Activity: Reproduce the entries shown below only from the line with "-Blueglass酸奶(财富购物中心店)" down to the line with "RENESAS RTK9RZT2M0S00000BE Kit", keeping both end lines and copying each one exactly.

Caption-style text data:
··········

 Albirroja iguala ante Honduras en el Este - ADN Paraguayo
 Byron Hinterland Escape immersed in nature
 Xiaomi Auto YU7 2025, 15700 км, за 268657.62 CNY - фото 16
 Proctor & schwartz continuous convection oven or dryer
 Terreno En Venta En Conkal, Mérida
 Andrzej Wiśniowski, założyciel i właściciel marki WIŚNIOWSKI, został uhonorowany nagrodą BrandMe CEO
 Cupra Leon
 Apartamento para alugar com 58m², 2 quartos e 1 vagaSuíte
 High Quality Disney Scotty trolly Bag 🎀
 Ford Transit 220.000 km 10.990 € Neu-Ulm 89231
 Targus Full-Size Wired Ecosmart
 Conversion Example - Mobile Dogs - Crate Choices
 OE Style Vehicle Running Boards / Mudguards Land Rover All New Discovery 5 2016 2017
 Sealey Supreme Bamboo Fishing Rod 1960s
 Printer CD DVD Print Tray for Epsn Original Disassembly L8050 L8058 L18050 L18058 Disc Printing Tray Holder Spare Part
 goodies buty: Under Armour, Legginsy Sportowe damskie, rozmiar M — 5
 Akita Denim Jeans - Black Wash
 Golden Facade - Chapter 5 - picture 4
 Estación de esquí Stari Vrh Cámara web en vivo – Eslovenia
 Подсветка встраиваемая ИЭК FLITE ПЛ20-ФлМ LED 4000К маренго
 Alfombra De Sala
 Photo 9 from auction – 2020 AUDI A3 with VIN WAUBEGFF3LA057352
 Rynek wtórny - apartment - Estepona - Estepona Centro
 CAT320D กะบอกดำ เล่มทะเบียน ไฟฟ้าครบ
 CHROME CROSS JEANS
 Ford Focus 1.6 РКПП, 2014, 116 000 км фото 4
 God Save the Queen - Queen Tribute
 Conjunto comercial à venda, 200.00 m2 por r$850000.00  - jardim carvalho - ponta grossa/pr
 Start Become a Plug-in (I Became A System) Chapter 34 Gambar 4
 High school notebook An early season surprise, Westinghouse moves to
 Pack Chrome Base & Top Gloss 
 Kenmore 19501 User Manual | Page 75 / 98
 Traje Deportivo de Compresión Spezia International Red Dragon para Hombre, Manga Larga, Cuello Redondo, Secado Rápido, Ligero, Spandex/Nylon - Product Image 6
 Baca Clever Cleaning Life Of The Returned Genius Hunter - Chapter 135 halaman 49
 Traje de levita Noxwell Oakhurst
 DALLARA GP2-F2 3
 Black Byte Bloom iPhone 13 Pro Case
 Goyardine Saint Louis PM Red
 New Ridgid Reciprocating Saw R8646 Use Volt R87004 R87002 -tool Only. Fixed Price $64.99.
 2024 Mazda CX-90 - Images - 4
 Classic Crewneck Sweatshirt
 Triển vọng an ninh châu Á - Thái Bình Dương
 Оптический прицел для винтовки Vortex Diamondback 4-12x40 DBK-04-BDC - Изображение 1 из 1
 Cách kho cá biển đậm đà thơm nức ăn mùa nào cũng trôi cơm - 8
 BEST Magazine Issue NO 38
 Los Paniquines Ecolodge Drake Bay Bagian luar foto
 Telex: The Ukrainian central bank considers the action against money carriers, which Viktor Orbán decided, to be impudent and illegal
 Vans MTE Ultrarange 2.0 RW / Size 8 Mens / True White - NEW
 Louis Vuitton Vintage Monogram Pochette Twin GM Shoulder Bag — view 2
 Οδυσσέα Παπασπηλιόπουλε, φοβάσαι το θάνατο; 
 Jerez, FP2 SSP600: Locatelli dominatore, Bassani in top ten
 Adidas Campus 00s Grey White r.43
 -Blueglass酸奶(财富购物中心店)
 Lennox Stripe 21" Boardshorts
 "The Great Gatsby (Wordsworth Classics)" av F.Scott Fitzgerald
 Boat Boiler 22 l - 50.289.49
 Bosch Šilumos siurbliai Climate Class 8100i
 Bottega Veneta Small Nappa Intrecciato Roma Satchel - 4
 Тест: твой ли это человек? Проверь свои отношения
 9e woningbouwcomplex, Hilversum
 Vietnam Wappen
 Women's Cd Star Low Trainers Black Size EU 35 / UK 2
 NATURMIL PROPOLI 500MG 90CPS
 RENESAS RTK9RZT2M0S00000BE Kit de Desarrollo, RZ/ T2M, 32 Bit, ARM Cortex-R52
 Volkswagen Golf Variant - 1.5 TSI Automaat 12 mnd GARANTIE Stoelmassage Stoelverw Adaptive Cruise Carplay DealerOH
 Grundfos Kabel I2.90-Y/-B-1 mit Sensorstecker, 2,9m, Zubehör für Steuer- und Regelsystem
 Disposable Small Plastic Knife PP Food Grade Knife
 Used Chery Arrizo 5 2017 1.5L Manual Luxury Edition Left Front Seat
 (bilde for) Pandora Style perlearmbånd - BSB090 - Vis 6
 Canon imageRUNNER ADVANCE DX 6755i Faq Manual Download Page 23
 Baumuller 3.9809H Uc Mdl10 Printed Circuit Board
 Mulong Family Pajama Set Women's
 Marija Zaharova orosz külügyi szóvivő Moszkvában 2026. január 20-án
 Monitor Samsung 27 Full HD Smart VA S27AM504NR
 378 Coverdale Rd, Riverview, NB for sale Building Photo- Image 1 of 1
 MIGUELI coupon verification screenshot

··········

Response area:
 -Blueglass酸奶(财富购物中心店)
 Lennox Stripe 21" Boardshorts
 "The Great Gatsby (Wordsworth Classics)" av F.Scott Fitzgerald
 Boat Boiler 22 l - 50.289.49
 Bosch Šilumos siurbliai Climate Class 8100i
 Bottega Veneta Small Nappa Intrecciato Roma Satchel - 4
 Тест: твой ли это человек? Проверь свои отношения
 9e woningbouwcomplex, Hilversum
 Vietnam Wappen
 Women's Cd Star Low Trainers Black Size EU 35 / UK 2
 NATURMIL PROPOLI 500MG 90CPS
 RENESAS RTK9RZT2M0S00000BE Kit de Desarrollo, RZ/ T2M, 32 Bit, ARM Cortex-R52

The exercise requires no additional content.